TL;DR: The Law and Linguistics of Social Platform Terms-of-Use
64 Pages Posted: 11 Jan 2023 Last revised: 5 Apr 2024
Date Written: 2024
Abstract
Online terms-of-use (TOUs) are the most widely used form contracts in human history. But TOUs are as poorly understood as they are ubiquitous. Their proliferation has fueled a yawning gap between contract law and consumer reality. The notion that users read and understand online TOUs, disproven in academic research, is the subject of pop culture mockery. Yet contract law assumes something very different. Because classic legal doctrines apply to online contracts, consumers routinely find themselves legally bound to contracts they have not—and often could not—read.

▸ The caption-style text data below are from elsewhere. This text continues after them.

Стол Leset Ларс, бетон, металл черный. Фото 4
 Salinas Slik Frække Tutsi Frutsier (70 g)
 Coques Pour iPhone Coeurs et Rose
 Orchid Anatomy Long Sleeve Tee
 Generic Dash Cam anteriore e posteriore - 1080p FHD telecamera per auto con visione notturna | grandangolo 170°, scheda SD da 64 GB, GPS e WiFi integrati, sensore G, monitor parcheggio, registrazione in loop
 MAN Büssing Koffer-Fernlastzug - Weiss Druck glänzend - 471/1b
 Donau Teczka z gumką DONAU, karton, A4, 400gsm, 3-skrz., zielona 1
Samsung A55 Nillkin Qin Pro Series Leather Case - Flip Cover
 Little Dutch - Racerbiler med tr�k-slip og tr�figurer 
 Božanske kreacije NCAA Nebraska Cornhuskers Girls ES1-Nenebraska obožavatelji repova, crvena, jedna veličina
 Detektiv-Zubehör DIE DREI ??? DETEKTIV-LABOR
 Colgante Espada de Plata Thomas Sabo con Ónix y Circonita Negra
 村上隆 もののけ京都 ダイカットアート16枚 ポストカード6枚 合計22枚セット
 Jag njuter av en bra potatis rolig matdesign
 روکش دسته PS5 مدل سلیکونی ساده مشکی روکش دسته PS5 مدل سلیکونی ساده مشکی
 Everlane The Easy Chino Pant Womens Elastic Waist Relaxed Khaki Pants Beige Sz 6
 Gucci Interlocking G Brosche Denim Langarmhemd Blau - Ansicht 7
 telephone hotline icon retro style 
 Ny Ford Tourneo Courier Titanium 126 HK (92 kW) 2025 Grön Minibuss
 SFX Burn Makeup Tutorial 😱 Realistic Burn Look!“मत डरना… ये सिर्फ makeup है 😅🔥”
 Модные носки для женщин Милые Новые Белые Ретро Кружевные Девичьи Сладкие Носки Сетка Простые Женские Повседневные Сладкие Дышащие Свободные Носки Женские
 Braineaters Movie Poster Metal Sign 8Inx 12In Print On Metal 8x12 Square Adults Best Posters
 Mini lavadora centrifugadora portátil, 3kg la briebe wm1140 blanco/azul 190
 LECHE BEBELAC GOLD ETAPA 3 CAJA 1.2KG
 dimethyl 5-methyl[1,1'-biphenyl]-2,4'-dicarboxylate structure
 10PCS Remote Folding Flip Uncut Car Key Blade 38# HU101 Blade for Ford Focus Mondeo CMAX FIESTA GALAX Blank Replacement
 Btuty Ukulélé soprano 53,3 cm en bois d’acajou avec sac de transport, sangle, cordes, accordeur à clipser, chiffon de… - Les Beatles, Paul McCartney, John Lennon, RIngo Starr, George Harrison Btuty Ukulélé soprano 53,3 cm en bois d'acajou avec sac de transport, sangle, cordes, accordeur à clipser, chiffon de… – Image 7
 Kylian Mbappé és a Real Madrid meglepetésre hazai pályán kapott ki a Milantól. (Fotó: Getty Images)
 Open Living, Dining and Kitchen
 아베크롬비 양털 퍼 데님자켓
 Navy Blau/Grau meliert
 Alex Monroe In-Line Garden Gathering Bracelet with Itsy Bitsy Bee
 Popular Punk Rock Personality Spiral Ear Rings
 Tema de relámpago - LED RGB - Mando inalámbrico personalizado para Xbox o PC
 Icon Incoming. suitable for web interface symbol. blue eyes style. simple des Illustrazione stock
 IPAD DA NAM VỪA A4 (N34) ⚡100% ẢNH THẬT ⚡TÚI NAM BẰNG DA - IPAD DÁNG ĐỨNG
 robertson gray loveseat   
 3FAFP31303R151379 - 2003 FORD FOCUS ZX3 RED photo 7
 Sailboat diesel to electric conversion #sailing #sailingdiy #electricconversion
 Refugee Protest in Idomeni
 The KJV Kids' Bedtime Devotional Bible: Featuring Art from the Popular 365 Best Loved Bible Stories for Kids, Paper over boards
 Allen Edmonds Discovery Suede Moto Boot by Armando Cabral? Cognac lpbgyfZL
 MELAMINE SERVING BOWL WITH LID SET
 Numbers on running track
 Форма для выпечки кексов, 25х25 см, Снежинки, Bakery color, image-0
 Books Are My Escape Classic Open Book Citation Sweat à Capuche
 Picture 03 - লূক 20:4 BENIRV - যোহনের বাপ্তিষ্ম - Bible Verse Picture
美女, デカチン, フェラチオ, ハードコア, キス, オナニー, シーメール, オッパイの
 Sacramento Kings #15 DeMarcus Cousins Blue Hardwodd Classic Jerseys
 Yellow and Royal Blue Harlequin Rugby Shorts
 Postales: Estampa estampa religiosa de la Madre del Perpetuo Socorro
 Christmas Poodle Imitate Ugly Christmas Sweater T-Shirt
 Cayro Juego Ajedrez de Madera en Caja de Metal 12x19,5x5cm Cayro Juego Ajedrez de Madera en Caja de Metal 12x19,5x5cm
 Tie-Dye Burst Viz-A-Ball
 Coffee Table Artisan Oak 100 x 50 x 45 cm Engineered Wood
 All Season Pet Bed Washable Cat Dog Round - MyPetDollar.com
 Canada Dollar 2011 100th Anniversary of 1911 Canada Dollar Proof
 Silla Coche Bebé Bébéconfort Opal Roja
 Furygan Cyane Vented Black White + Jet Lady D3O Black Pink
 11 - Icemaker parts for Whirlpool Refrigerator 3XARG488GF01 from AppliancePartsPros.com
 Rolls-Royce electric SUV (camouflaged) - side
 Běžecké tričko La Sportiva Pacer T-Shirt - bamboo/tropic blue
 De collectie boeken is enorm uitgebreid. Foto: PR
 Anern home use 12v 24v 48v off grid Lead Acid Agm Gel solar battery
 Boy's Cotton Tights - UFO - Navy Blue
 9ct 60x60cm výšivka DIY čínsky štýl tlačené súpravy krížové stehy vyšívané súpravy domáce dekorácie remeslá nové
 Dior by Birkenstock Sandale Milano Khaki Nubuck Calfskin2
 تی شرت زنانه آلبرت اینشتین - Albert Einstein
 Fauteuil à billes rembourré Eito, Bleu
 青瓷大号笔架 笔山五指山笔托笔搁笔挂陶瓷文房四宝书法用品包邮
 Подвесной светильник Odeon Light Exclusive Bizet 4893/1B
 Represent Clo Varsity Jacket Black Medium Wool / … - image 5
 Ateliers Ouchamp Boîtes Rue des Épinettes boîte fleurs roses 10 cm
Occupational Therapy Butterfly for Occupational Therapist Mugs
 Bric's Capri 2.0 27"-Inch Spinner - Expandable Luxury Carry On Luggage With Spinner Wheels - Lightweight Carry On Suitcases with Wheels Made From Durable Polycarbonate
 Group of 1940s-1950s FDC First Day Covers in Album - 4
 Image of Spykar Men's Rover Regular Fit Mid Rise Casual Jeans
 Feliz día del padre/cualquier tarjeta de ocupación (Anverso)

In this article, we evaluate the law and linguistics of a critical area of consumer contracting: smartphone-based social platforms. Our interdisciplinary study examines an original dataset of 196 contracts (TOUs, privacy policies, and community guidelines) for seventy-five apps. Our analysis highlights a decoupling of contract doctrine and consumer reality in the smartphone age of online contracting. Our results show that this divergence is fueled by extraordinary volume, complexity, and asymmetries in platform-to-consumer contracts. In addition, our results offer evidence that the decoupling has grown in recent years.